The Ghibli cafe collection for undiscerning consumers.
Editor's review by Adam Corn (2009-03-11)
Ghibli the Best contains selections from five albums from the Hacla instrumental music label. "Best" is of course subjective - though many of the most famous themes from Studio Ghibli's anime films are included, the focus is on basic instrumental renditions of songs well-known to the average Japanese moviegoer, rather than more substantial themes better suited to an instrumental arranged album.

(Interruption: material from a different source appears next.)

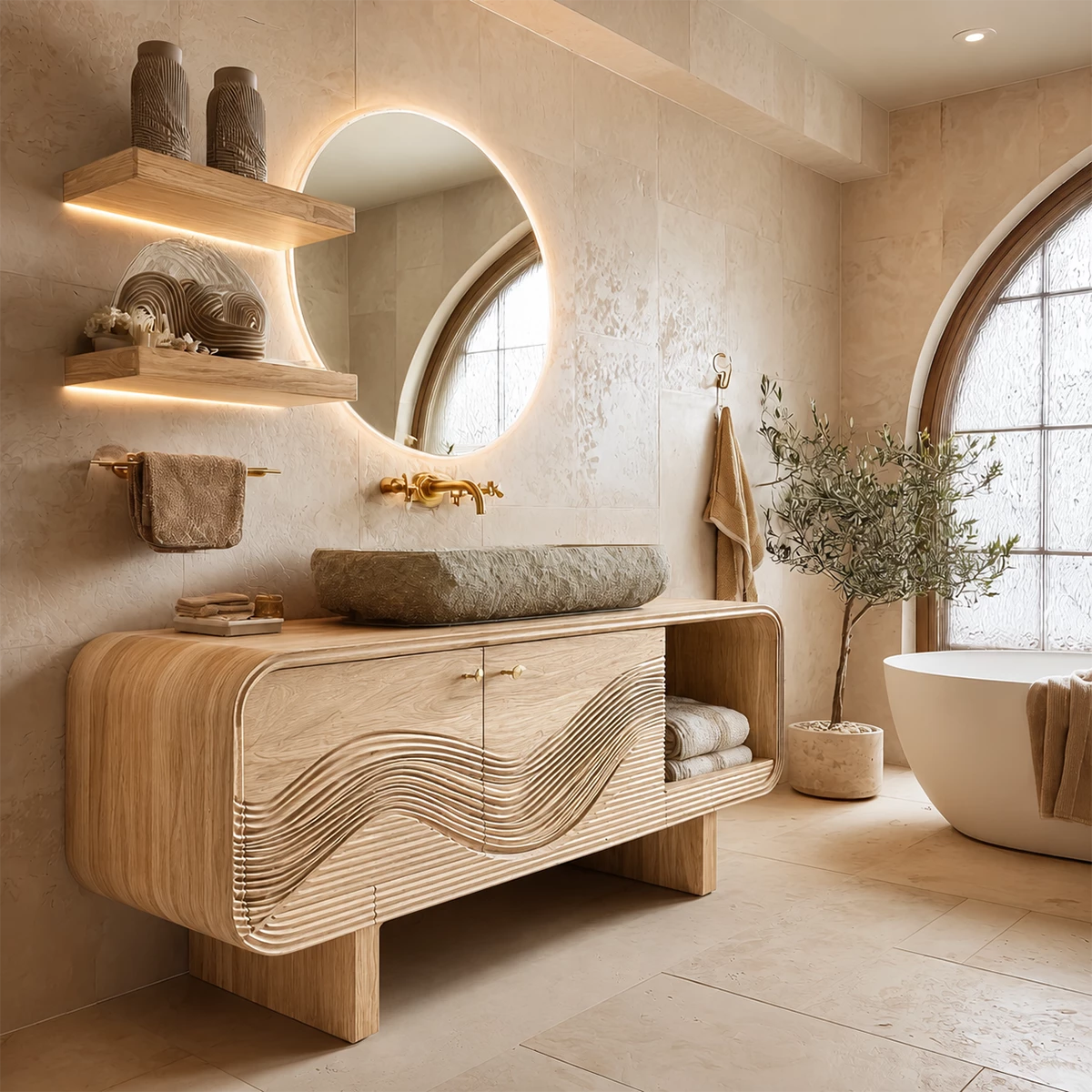 Modern Solid Wood Bathroom Vanity with Sculpted Wave Front and Open Shelf - Livewoodcraft - 2
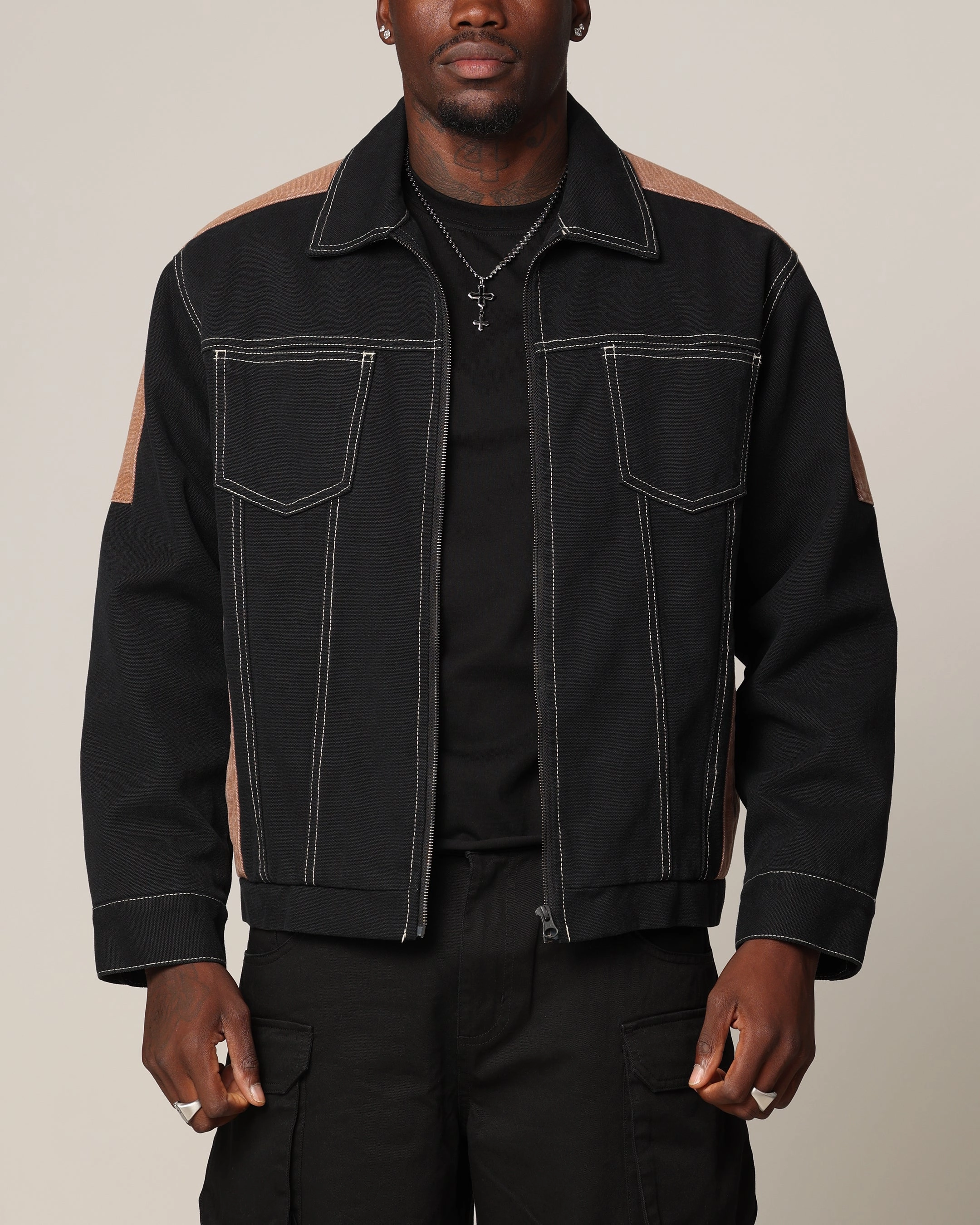Saint Morta Outlaw Rodeo Jacket Black/Brown Upgrade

Most of the albums Ghibli the Best draws from are dedicated to a certain instrument, be it piano, guitar, or harmonica. Though many arrangements also take advantage of added accompaniment, the arrangements are mostly content to rest on the merits of their original melodies without making drastic changes. Were the more substantial compositions from the Ghibli catalog given preference that wouldn't pose such a problem, but the combination of simple compositions with plain arrangements makes for an often dull album. "Always with Me" from Spirited Away is a good example; its pretty melody could certainly work as a piano arrangement, but the version here takes the theme nowhere beyond its most basic state. Combined with an uninteresting, completely uniform performance, it gives the impression of being at a children's piano recital.
Whoever decided to arrange Princess Mononoke for harmonica needs to have his soundtrack license revoked, as does the person responsible for including it on a best album. Though the instrument works quite effectively for the lonely wanderer sound in "Teru's Theme" from Tales from Earthsea, it fails spectacularly at conveying the dignity of Mononoke's sweeping, epic themes. "Love is a Flower, You are the Seed" from Only Yesterday isn't as immediately repelling but is so sappy it eventually becomes hard to tolerate as well.
The one true standout track of the album is "If Wrapped in Kindness" from Kiki's Delivery Service, an earthy folk arrangement featuring acoustic guitar, violin, and Native American percussion. Everything about it contrasts in a good way with the rest of the album, from the multifaceted instrumental ensemble to the patient, purposeful arrangement to the virtuosity of the performance. Aside from this and the aforementioned "Teru's Theme", the only tracks worthy of attention are "My Neighbor Totoro" and "The World's Promise", thanks in both cases to lighthearted but meaningful interaction between piano and violin.
With so many excellent Studio Ghibli original soundtracks, arranged albums and compilations available, only hardcore fans need bother with the easily forgettable Ghibli the Best. The superb arrangement for "If Wrapped in Kindness" would be a shame to miss, but it might be better searching out the Ghibli the Classics album from which it's compiled in the hope that it offers a few more tracks of similar caliber, because Ghibli the Best sadly doesn't.